Though Davis’ main character has no name, his theatrically loquacious narrative cleverly blends the cerebral and the carnal and provides a maniacal portrait of a man, and the landscape of nineteenth century London he inhabits.
In The Gold Key, Davis artfully illustrates how dark a man’s desires may run, and to what lengths he will go to fulfill them.
The Gold Key
Novel reviewed by M. Barnes in July 2008
A truly tangled web is woven when the powers of a golden trinket reveal themselves in Arthur Davis’ eerie and startling narrative. The seething changes of a slow-burn transformation in one man, and tangential others, expose the pitfalls of personal pride and avarice.
Opening from a remote, abandoned wine cellar into the world of well-worn London streets where horse-drawn carriages abound, the vascular verbiage of our main character reveals all.
The bloody trail from the wine cellar where horror swarms with the rats follows his every footstep, through the theatre of his professional downfall to seedy underbelly of a life so familiar with professional courtesans. These ladies of the night prove his comfort and his constable.

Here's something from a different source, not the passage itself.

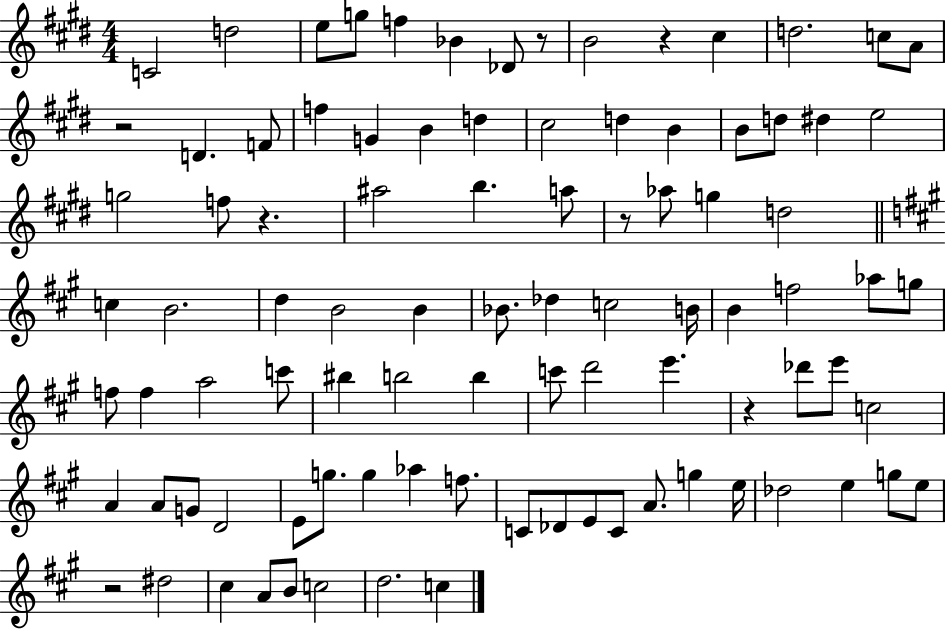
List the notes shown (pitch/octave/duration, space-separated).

C4/h D5/h E5/e G5/e F5/q Bb4/q Db4/e R/e B4/h R/q C#5/q D5/h. C5/e A4/e R/h D4/q. F4/e F5/q G4/q B4/q D5/q C#5/h D5/q B4/q B4/e D5/e D#5/q E5/h G5/h F5/e R/q. A#5/h B5/q. A5/e R/e Ab5/e G5/q D5/h C5/q B4/h. D5/q B4/h B4/q Bb4/e. Db5/q C5/h B4/s B4/q F5/h Ab5/e G5/e F5/e F5/q A5/h C6/e BIS5/q B5/h B5/q C6/e D6/h E6/q. R/q Db6/e E6/e C5/h A4/q A4/e G4/e D4/h E4/e G5/e. G5/q Ab5/q F5/e. C4/e Db4/e E4/e C4/e A4/e. G5/q E5/s Db5/h E5/q G5/e E5/e R/h D#5/h C#5/q A4/e B4/e C5/h D5/h. C5/q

A gold key is at the center of the swarming plot that removes the nameless lead character from the hopelessly linear life resulting from his professional fall from grace. The fixation resulting from its powers of influence and subsequent curse set the stage of ruin for a man of grievous self-importance.
Shakespearean twists and Machiavellian motives steer the reader through sinister murders, perverse tragedies and endless indulgences of the flesh.
Davis has written a masterful tale of a man’s squalid path through one of London’s most indigent time periods.
There is no secreting away the sinister aura of this tale, where the question, “What have I become,” echoes throughout each word and deed of Davis’ staunch and trembling monologue.